No usually it means the data that you intend to test the model on was accidentally used to train the model. There are more complex scenarios where you get leakage without actually showing the model the test examples. Where you have features that have future information in them that you won't have at actual inference time.

So usually it ends up in overfitting, but is more about having information at training time that it shouldn't.

russfink 2 years ago | |

These are two different definitions. Can someone please disambiguate?

teknopaul 2 years ago |

No shit sherlock

LouisSayers 2 years ago |

Not just scientists, but everyone!

My partner recently went a bit nuts writing an article with the help of GPT4. She was very proud of how productive she'd been until I asked if she'd actually searched for the papers GPT4 had referred to.

Of course, many of the referred to papers didn't exist...

duxup 2 years ago |

We use search that way, don’t see why AI trained on similar content wouldn’t be just variable in terms of reliability.

skywhopper 2 years ago | |

This is incredibly simplistic.
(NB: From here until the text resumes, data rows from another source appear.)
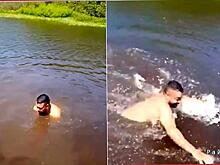 Купающийся в реке экстремал привлёк внимание крокодила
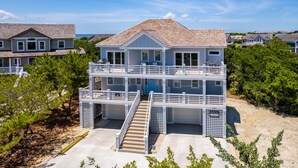 A two-story beachfront house with a balcony, a staircase, and a view of the ocean. - Benders Beach Bungalow: New Construction, Golf Views, Elevator, Community Pool and Tennis Courts (Nags Head)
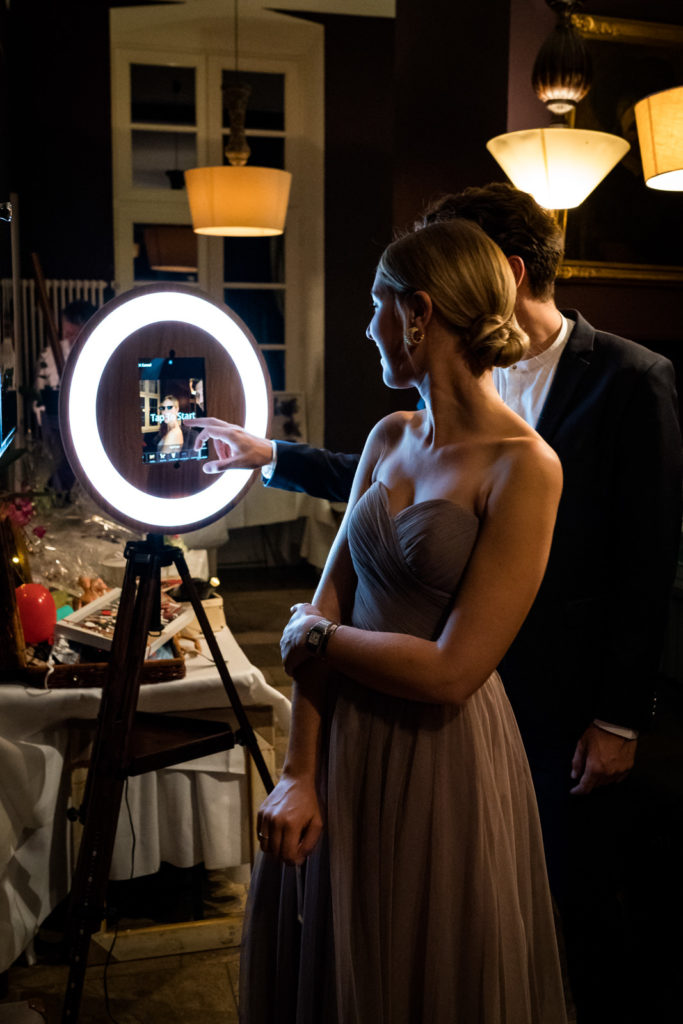 Päarchen steht vor einer Fotobox und macht ein Foto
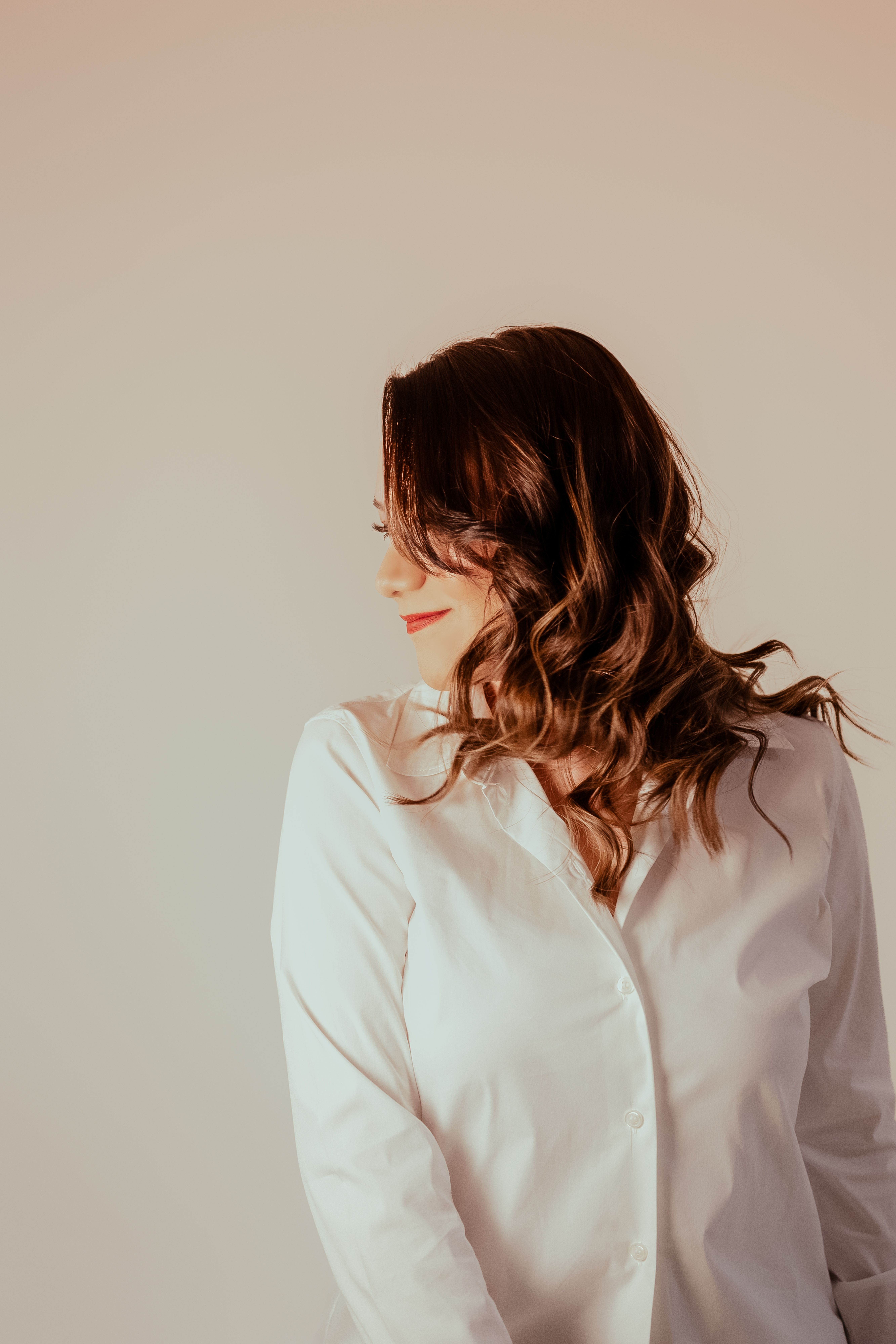 Brunette Woman in White Shirt Posing by Window · Free Stock Photo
Search engine results give a lot of context clues about the reliability of their asserted facts and provide a potential spectrum of answers. LLM-generated answers strip all that away, and give a single authoritatively phrased answer. Even if you’re inclined to disbelieve it, the LLM answer gives you no ability to dig in, refine, or compare. It just is. If you ask a chatbot if it’s sure, it might double down, or apologize and then repeat itself, or say it was right and give a contradictory followup.

Traditional pre-spam-overload Google results could often give a high quality answer, or if not, you’d at least get the sense of the low quality. Not so with LLMs.

duxup 2 years ago | | |

I think you overestimate people’s ability to sniff out bad data on the internet.

Also are you suggesting people fact check an AI by asking it if it is correct? That seems absurd.